The pandemic caused a huge blow to the economy, and it changed many aspects of our lives. For instance, since we need to limit our interactions with people, how do people make payments? TaxCorporation has the answers. The pandemic had a huge impact on how consumers make payments, and here are some reasons as to why that is. 

A Huge Rise in Digital Payments

Firstly, March (the start of the pandemic and lockdowns) saw an intense rise in how many people used digital payment methods. Most people had to stay at home, but they still needed to buy things. Many people preferred to use a digital payment option to order things online to limit how much human interaction they have, which was a wise move for them. 

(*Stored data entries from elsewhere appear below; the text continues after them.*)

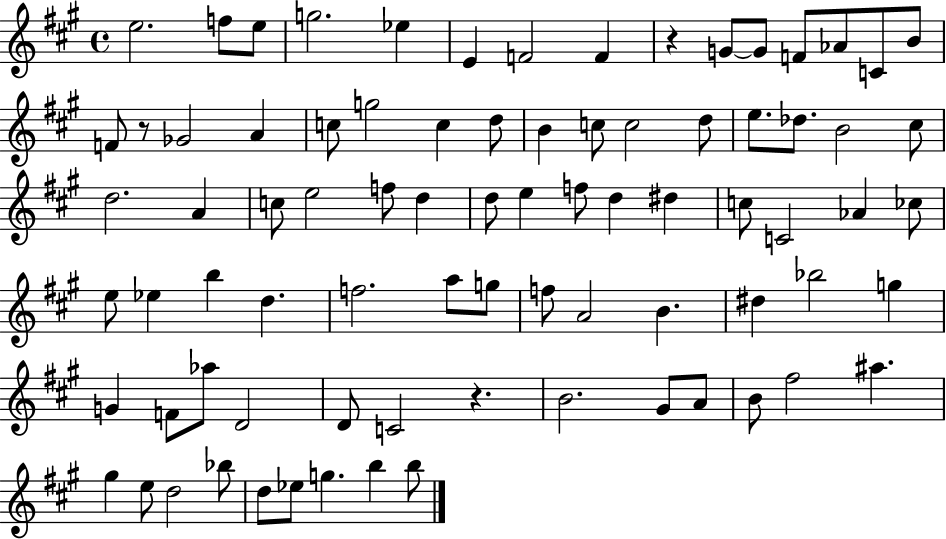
{
  \clef treble
  \time 4/4
  \defaultTimeSignature
  \key a \major
  e''2. f''8 e''8 | g''2. ees''4 | e'4 f'2 f'4 | r4 g'8~~ g'8 f'8 aes'8 c'8 b'8 | \break f'8 r8 ges'2 a'4 | c''8 g''2 c''4 d''8 | b'4 c''8 c''2 d''8 | e''8. des''8. b'2 cis''8 | \break d''2. a'4 | c''8 e''2 f''8 d''4 | d''8 e''4 f''8 d''4 dis''4 | c''8 c'2 aes'4 ces''8 | \break e''8 ees''4 b''4 d''4. | f''2. a''8 g''8 | f''8 a'2 b'4. | dis''4 bes''2 g''4 | \break g'4 f'8 aes''8 d'2 | d'8 c'2 r4. | b'2. gis'8 a'8 | b'8 fis''2 ais''4. | \break gis''4 e''8 d''2 bes''8 | d''8 ees''8 g''4. b''4 b''8 | \bar "|."
}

According to Visa, they experienced a 150% increase in their tap-to-pay use in March compared to last year. There was a 200% increase in how many people signed up for mobile banking, and an 85% increase in mobile banking traffic. Mobile banking was more popular among young people, but many older people had to opt for mobile banking potions because older people were considered high risk during the pandemic, so they needed to find ways to make payments from home.

Higher Risk of Fraud

Despite reputable digital money services having excellent security systems, that does not completely keep people from dealing with fraud. Many digital payment platforms had to quickly enhance their digital security because there were more scammers that took advantage of the pandemic. 

Luckily, digital payment platforms are offering smarter security measures to protect their client base. For instance, some digital payment platforms can detect odd changes in their client’s payment habits. If the client were to randomly order odd objects at hours they would not normally make orders, they may face a security check to prevent the order from happening.

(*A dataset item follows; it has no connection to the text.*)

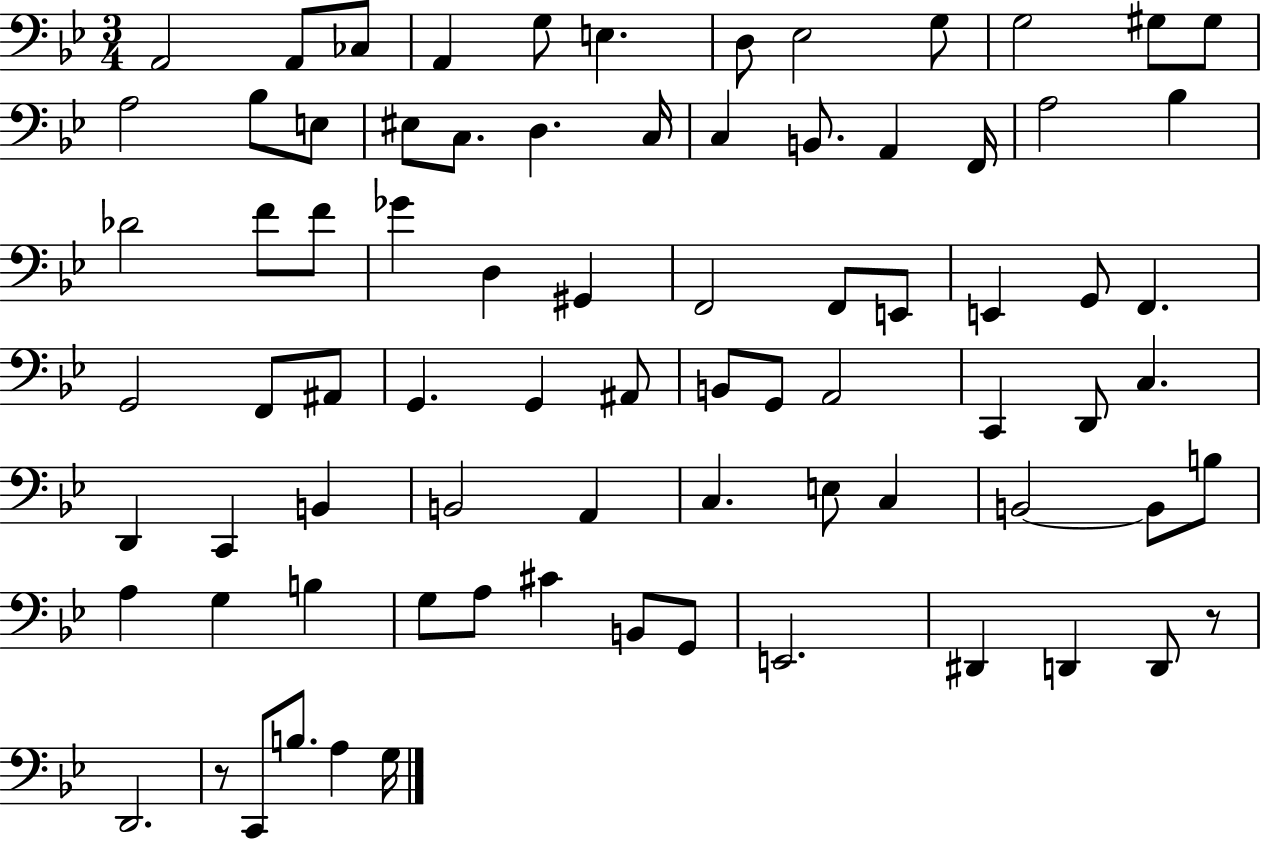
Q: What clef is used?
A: bass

Some people may accidentally send money to a scammer, which tends to be out of control for these platforms. The pandemic caused a lot of disputes and huge chargebacks for scams. Additionally, the start of the pandemic ruined many people’s long-term travel plans, causing a surge in chargebacks and disputes for travel expenses, recurring payments (gym memberships, subscriptions, etc.), and such.

Woman holding money and thinking about investments.

Operational Resiliency

As mentioned earlier, mobile banking and other digital payment methods saw a huge rise in the first few months of the pandemic. This sudden surge was very steep and sudden, and a lot of financial providers and institutions were not ready to deal with the sudden amount of new customers and traffic that they were faced with. 

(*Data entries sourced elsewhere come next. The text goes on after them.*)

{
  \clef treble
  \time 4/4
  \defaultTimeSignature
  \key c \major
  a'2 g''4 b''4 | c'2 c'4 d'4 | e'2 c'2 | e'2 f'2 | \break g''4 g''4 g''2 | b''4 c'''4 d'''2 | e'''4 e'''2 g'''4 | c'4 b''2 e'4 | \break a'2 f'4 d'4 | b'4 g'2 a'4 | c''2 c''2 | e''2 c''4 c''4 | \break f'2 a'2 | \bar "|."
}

Therefore, the financial providers and institutions had to adapt. Most of these businesses had to up their game with how many employees they have, security, and other tools to help them handle the sudden surplus of users that they have to attend to.

For better or for worse, the pandemic definitely impacted how consumers make payments by causing a rise in the use of digital payments, increasing the risk of fraud, and shocking the mobile payment industry.